O que não ousamos nominar

“Quando uma mãe perde um filho, todas as mães do mundo perdem um pouco também.” Começo esta reflexão com a fala da personagem Dona Hermínia, no filme Minha Mãe é Uma Peça, ao vivenciar o luto pela morte do sobrinho e imaginar a dor de sua irmã.

Aline Thaís Nascimento – Foto: Acervo Pessoal

Na dinâmica da vida, todos os dias há pessoas passando por momentos de felicidade e de tristeza. Isso nos toca com maior ou menor intensidade pela proximidade desses eventos em nossas vidas. Refletir sobre as situações delicadas pelas quais passamos, ou as pessoas passam, sempre nos provoca e imprime em nós emoções diversas.

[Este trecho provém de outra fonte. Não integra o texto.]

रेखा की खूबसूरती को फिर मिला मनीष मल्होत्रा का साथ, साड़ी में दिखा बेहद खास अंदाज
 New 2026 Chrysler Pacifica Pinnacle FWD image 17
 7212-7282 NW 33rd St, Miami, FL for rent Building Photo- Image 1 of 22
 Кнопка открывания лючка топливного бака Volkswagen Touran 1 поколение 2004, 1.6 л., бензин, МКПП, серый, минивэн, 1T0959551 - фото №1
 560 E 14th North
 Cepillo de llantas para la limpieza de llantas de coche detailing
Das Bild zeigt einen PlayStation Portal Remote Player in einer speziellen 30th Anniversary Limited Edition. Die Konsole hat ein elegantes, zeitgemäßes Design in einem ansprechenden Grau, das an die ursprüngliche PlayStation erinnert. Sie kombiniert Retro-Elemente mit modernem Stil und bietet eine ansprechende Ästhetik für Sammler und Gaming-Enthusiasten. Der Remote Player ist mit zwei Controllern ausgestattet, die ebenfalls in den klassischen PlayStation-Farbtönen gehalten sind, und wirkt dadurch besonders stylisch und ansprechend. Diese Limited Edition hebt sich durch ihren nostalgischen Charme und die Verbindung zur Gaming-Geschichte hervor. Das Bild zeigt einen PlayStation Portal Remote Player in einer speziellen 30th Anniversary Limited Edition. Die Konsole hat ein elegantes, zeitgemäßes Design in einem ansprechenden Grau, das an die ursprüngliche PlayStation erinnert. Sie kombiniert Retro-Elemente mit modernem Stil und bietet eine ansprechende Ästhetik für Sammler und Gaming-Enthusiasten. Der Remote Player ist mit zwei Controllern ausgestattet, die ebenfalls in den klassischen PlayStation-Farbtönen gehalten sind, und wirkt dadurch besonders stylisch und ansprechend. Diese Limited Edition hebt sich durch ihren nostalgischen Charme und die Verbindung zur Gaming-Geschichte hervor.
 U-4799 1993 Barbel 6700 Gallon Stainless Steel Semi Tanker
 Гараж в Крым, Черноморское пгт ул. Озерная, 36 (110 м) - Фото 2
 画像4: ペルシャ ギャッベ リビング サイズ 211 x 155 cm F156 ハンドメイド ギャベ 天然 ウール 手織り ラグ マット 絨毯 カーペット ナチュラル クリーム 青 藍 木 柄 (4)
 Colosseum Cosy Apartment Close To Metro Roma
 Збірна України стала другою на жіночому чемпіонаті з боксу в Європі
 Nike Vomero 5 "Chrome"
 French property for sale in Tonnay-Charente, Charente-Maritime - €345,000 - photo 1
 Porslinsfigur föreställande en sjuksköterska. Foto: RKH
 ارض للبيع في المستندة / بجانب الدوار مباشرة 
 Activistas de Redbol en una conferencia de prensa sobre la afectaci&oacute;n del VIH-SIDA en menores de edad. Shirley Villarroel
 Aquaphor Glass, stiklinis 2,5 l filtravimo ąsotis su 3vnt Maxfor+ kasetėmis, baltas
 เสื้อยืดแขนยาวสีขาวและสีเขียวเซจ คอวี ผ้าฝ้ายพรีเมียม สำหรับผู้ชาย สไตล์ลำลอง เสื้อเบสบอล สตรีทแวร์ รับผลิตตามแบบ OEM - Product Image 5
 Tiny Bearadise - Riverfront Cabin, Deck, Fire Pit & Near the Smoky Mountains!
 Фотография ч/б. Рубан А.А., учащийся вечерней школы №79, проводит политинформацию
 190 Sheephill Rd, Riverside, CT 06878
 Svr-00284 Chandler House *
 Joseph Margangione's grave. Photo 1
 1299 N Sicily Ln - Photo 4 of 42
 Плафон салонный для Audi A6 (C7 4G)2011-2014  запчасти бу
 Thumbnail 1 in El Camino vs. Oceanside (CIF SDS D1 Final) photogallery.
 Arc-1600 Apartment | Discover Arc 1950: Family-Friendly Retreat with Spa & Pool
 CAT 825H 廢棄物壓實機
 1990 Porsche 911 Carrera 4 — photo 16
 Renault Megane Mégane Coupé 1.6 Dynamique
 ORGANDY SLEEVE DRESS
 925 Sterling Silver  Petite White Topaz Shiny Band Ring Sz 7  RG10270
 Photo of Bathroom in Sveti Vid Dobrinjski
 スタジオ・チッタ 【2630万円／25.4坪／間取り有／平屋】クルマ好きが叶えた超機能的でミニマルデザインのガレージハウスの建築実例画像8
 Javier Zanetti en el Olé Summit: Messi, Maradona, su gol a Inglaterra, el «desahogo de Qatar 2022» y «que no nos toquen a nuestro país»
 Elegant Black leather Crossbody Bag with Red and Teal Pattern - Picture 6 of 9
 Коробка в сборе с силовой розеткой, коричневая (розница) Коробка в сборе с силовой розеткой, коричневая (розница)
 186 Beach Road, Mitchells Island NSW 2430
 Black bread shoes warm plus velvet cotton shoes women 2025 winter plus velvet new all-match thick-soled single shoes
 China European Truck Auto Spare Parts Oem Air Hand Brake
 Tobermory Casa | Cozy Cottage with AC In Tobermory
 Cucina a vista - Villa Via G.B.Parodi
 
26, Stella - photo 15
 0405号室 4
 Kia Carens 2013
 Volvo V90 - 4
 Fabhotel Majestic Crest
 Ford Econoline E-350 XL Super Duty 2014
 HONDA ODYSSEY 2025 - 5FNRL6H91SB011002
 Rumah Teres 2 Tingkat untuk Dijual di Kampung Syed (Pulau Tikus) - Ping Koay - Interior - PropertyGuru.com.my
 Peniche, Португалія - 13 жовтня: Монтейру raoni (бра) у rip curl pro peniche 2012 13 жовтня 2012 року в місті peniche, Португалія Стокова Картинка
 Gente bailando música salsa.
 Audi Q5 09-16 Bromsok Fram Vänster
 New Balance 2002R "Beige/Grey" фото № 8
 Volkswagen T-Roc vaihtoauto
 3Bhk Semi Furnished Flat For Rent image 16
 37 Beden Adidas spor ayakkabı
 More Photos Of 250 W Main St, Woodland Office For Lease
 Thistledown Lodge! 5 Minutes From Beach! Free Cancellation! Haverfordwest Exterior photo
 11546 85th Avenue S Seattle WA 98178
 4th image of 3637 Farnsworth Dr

Diariamente, somos convidados para sermos atores protagonistas, coadjuvantes, figurantes ou apenas telespectadores do episódio que chamamos de hoje.

Na maioria dos episódios, a cena luto não nos ocorre diária e diretamente. Talvez por isso, ou para sobrevivermos sem maiores angústias, evitamos o desconforto de pensar na morte e no luto, o que não nos torna menos sensíveis a esses eventos quando eles ocorrem.

Mas, em um hoje ou outro, o episódio morte ocorre, e somos convidados a experienciar o luto.

Um em especial arrebata-me sempre: o luto dos pais que se despedem de um filho — sobretudo o luto da mãe. Sempre me soou desconfortável naturalmente. Ora, há quem não concorde que é naturalmente mais justo que os mais velhos partam antes?

O Portal do Paraíso – Foto: Acervo Pessoal

Na série vida, não há controle nem leis naturais que garantam esse direito aos pais e às mães, mas sim uma sequência de presentes inevitáveis e incontroláveis que recebemos, sem muitas opções de escolha ou troca.

A verdade é que pouquíssimas são as escolhas, mas as potencializamos para nos ancorar minimamente num mar de infinitas incertezas.

Dessas incertezas, o luto materno é a que me arrebata de forma avassaladora, especialmente a partir da temporada em que a maternidade passou a fazer parte da minha vida.

A sensação é que passamos a integrar uma grande comunidade universal de conhecidos e desconhecidos compartilhando as mesmas emoções, certezas e incertezas. E quando a emoção é a dor e a tristeza pela despedida de um filho, os integrantes da comunidade experimentam juntos, e de forma mais patente, o dissabor.

De forma ainda mais visceral, o luto da mãe é compartilhado quase que automaticamente com todas as outras mães que tomam conhecimento.

Saudade – Foto: Divulgação

Certa vez, ao externar essa angústia ao psicanalista, ele, talvez tão angustiado quanto eu, disse: “Quando casais são separados pela morte, chamamos o que fica de viúvo ou viúva; quando filhos são separados dos pais, nós os chamamos órfãos; mas, quando os pais são separados dos filhos pelo evento morte, nem nome ousamos dar.” Calei-me.

E, como membro dessa grande comunidade universal de mães e pais, quando sou convidada ao evento tão desconfortável que sequer nos substantifica, adentro no luto compartilhado. É uma espécie de cláusula irrevogável. O luto dos pais pelos filhos é compartilhado por todos os membros — quem experienciou ou quem jamais deseja experimentar.

Não há muitos recursos linguísticos para explicar o luto dos pais, sobretudo o das mães. Como mãe, utilizo-me novamente das palavras da personagem para explicar o inexplicável: “Quando uma mãe perde um filho, todas as mães perdem um pouco também.”